Applying markup to complexity: The blurry line between markup and programming by Simon St. Laurent.
Simon’s review of Balisage will make you want to attend next year, if you missed this year.
He misses an important issue with JSON (and XML) when he writes:
JSON gave programmers much of what they wanted: a simple format for shuttling (and sometimes storing) loosely structured data. Its simpler toolset, freed of a heritage of document formats and schemas, let programmers think less about information formats and more about the content of what they were sending.
…
XML and JSON look at data through different lenses. XML is a tree structure of elements, attributes, and content, while JSON is arrays, objects, and values.
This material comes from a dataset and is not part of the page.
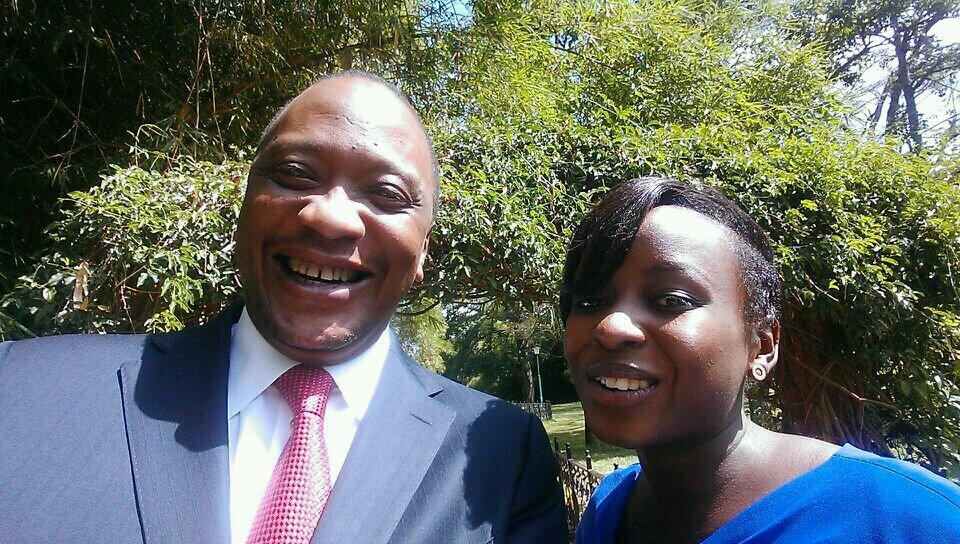 Uhuru Selfie With Citizen TV reporter Jacque Maribe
Element order matters by default in XML, while JSON is far less ordered and contains many more anonymous structures. (emphasis added)
The problem with JSON in a nutshell (apologies to O’Reilly): anonymous structures.
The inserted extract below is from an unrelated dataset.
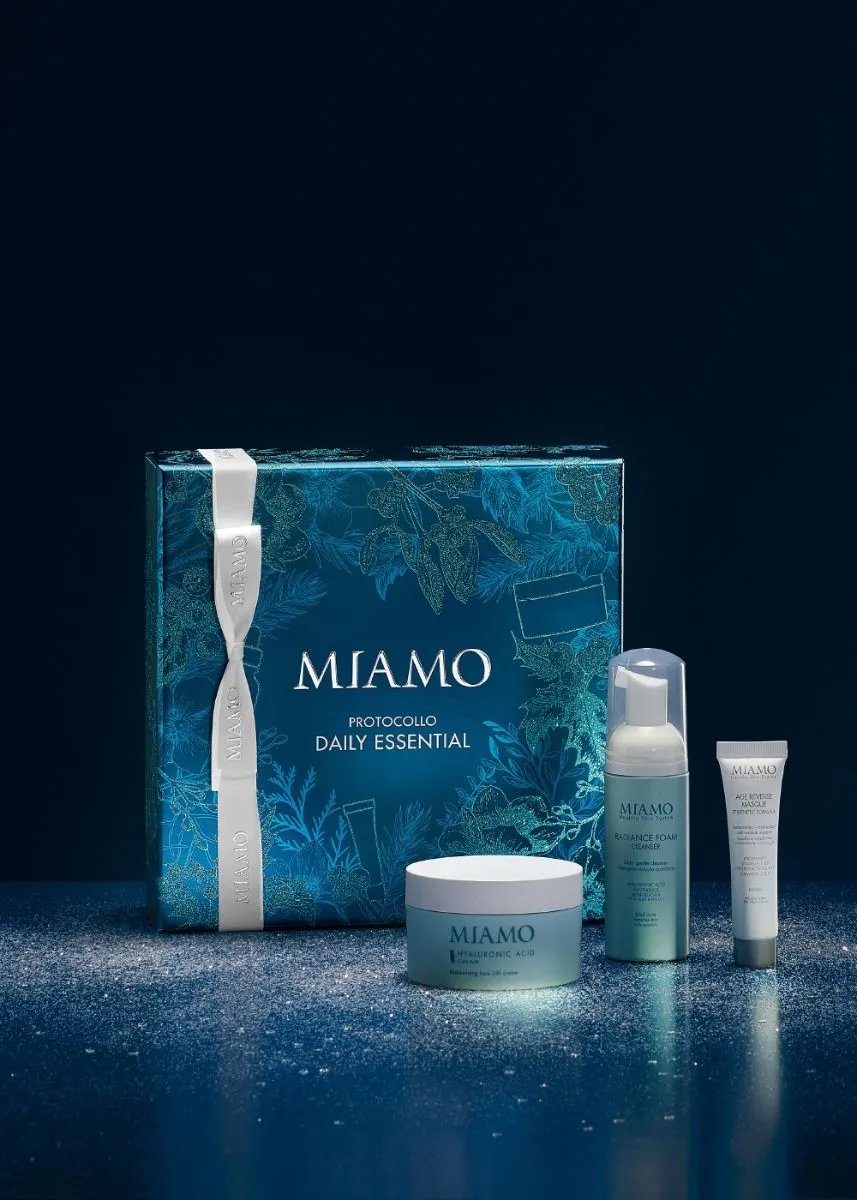 Miamo Cofanetto Xmas 2023 - Hyaluronic Acid Cream RADIANCE FOAM CLEANSER 50 ml - HYALURONIC ACID CREAM 50 ml - AGE REVERSE MASQUE 10 ml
How is a subsequent programmer going to discover the semantics of “anonymous structures?”
Works great for job security, works less well for information integration several “generations” of programmers later.
XML can be poorly documented, just like JSON, but relationships between elements are explicit.
Anonymity, of all kinds, is the enemy of re-use of data, semantic integration and useful archiving of data.
If those aren’t your use cases, use anonymous JSON structures. (Or undocumented XML.)